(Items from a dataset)
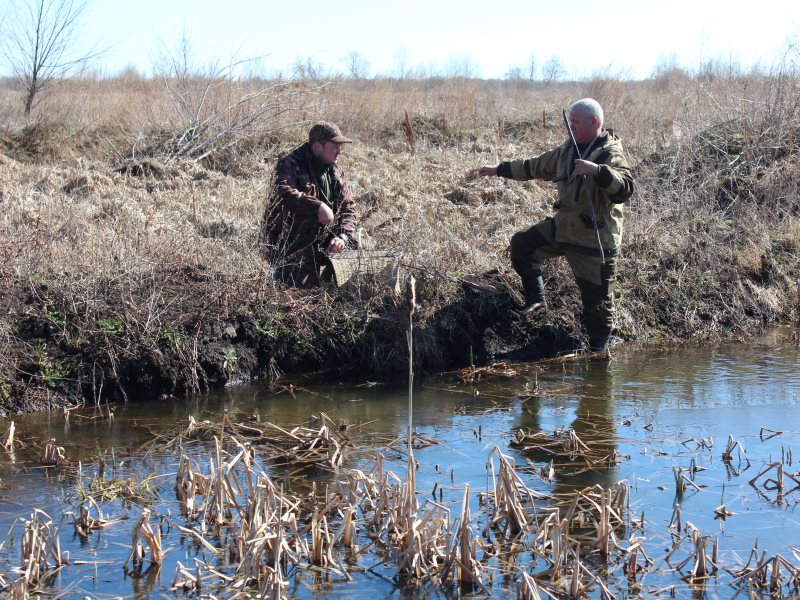 С 22 марта в Нижегородской области начинается выдача разрешений на охоту на пернатую дичь.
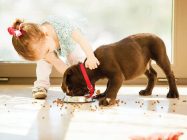 En 2017 se invirtieron US$ 110 mil millones en el cuidado de las mascotas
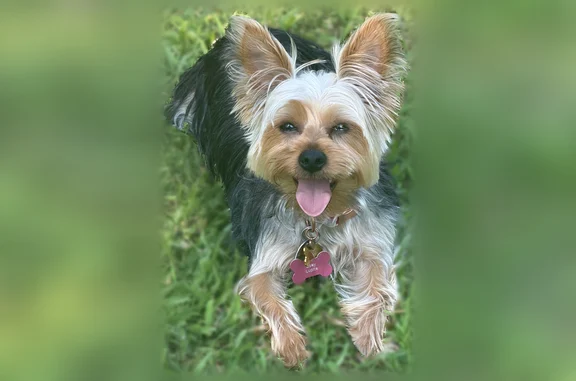 Lost dog, Portsmouth Drive, 6012, Forest Park, Flowery Branch - female, about 7 lbs, Yorkshire - photo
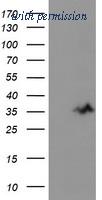 OriGene TA503502S image 1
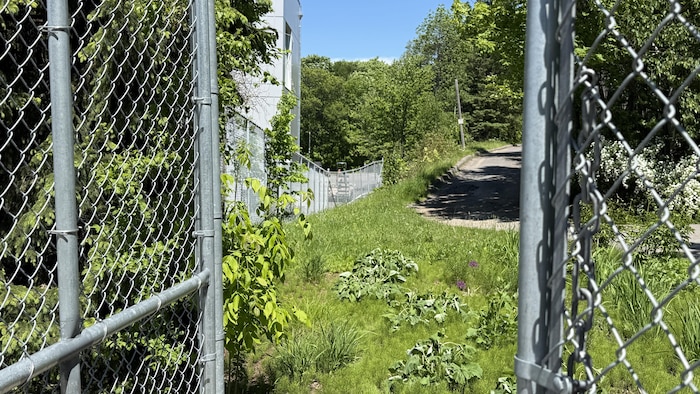 Une clôture à mailles de chaîne sur le site de l’Aquarium du Québec en été.
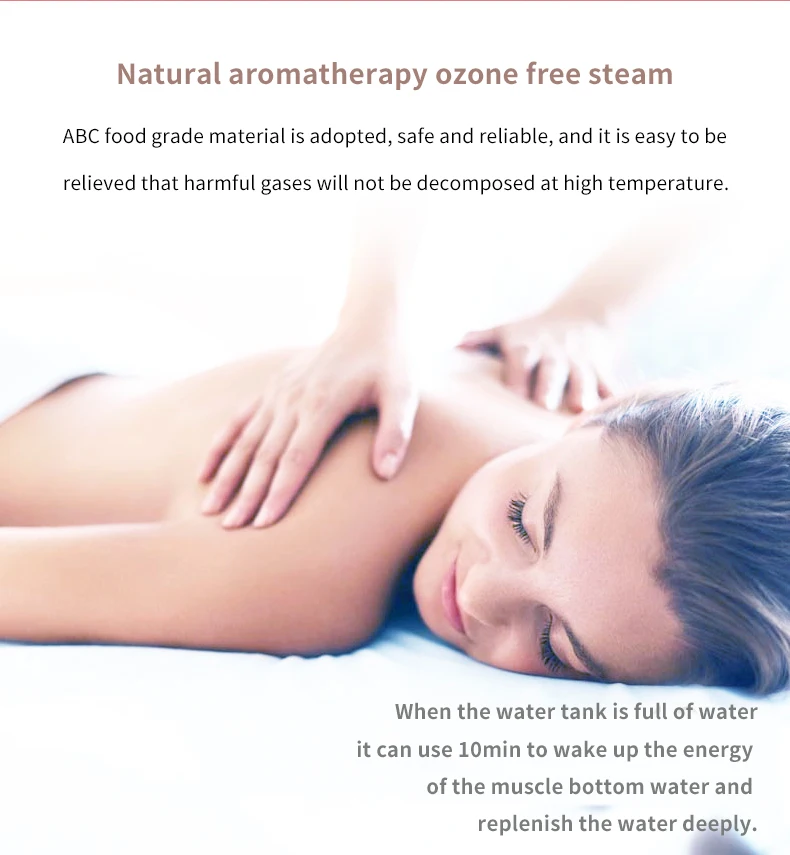 One-button Operation Compact And Light Custom Cheap Steam Face Facial Steamer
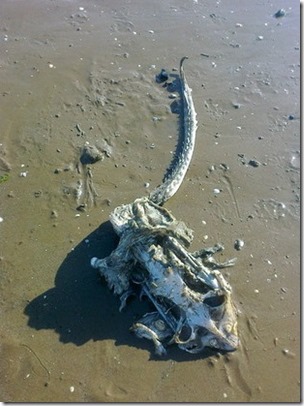 A family were left baffled after discovering this weird 'sea monster' washed up on a British beach. See SWNS story SWWEIRD: Stunned Lisa Worthington, 42, came across the denizen of the deep while out walking the family dog with husband, Peter, 52, and their two children. The two-foot long skeletal remains were found on the high tide mark on the beach in  Weston-Super-Mare, North Somerset. The family decided to take the mysterious two foot skeleton home so that her ten-year-old son Tyler could show his friends.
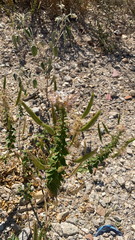 Polanisia dodecandra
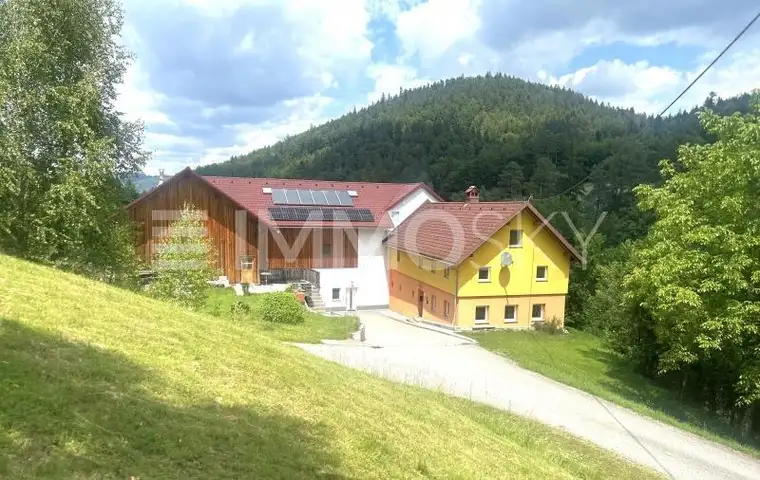 Absolute Ruhe-Historisches Bauernhaus in Alleinlage mit Lagerhallen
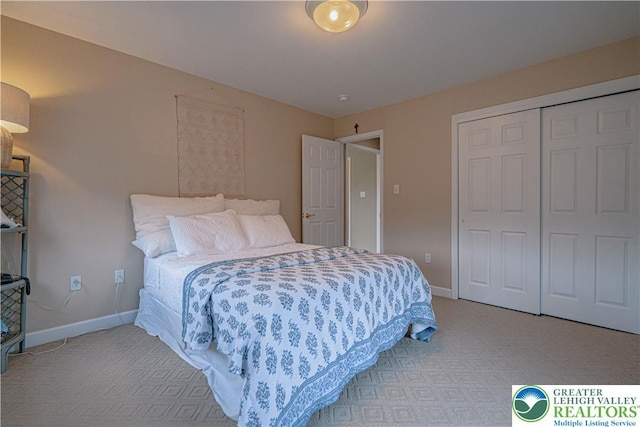 4408 Irish Creek Rd, Pa, PA 19506 - carpeted bedroom with baseboards and a closet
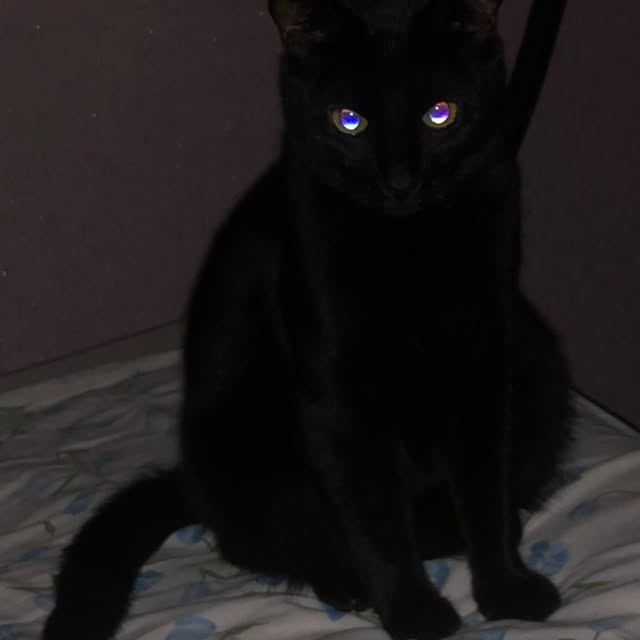  ....mats   'recent posts' 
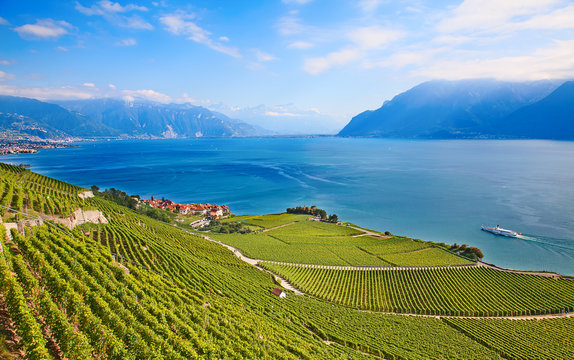 Lavaux Region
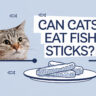Can Cats Eat Fish Sticks when a curious cat looking at crispy fish sticks on a plate.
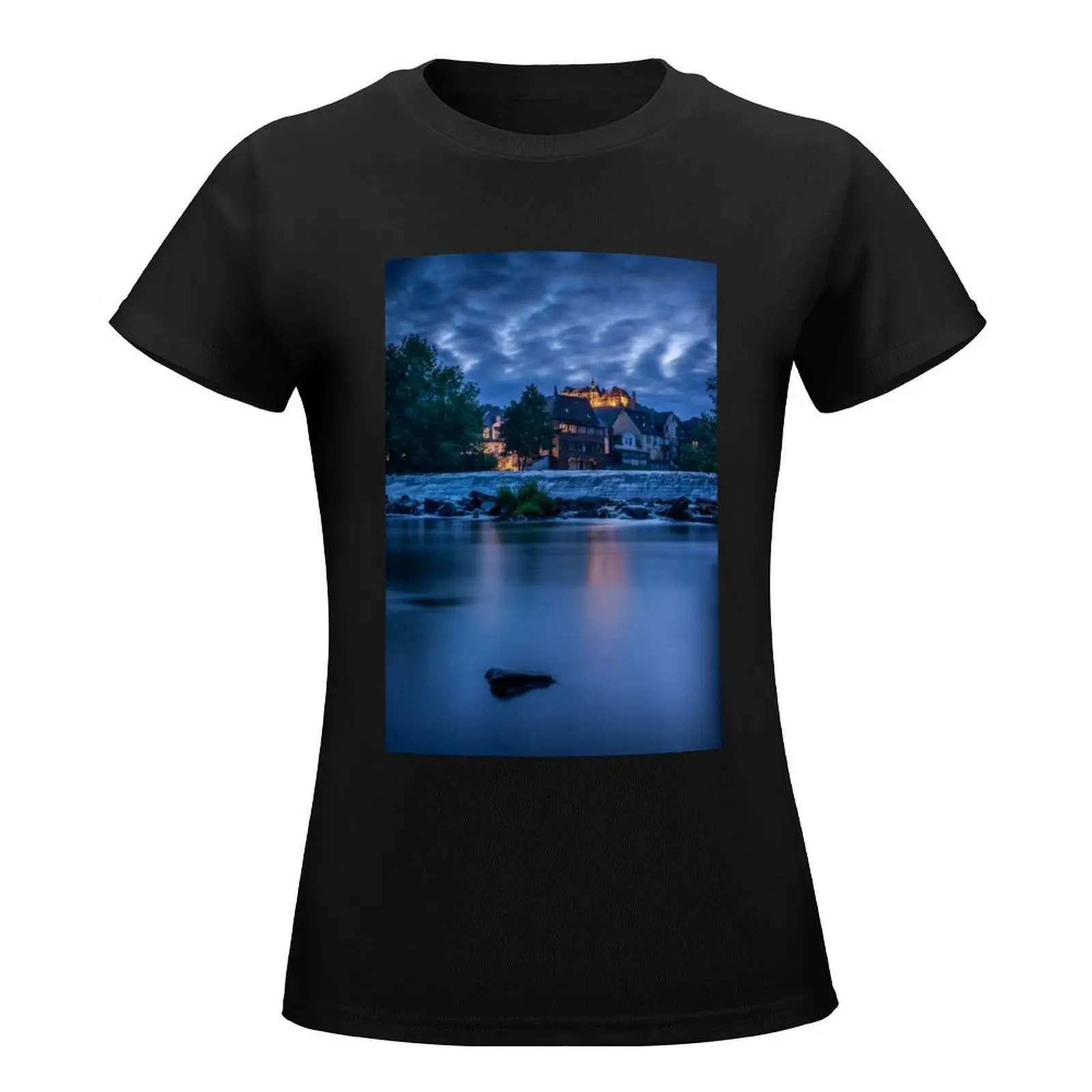 Castle view at the blue hour T-Shirt graphics Short sleeve tee korean Women's clothes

* [TASK STATEMENT] In the answer, include exactly the lines from the one containing "4408 Irish Creek" through the end of the records above and no pictures at all.

* [THE ANSWER]
 4408 Irish Creek Rd, Pa, PA 19506 - carpeted bedroom with baseboards and a closet
  ....mats   'recent posts' 
 Lavaux Region
Can Cats Eat Fish Sticks when a curious cat looking at crispy fish sticks on a plate.
 Castle view at the blue hour T-Shirt graphics Short sleeve tee korean Women's clothes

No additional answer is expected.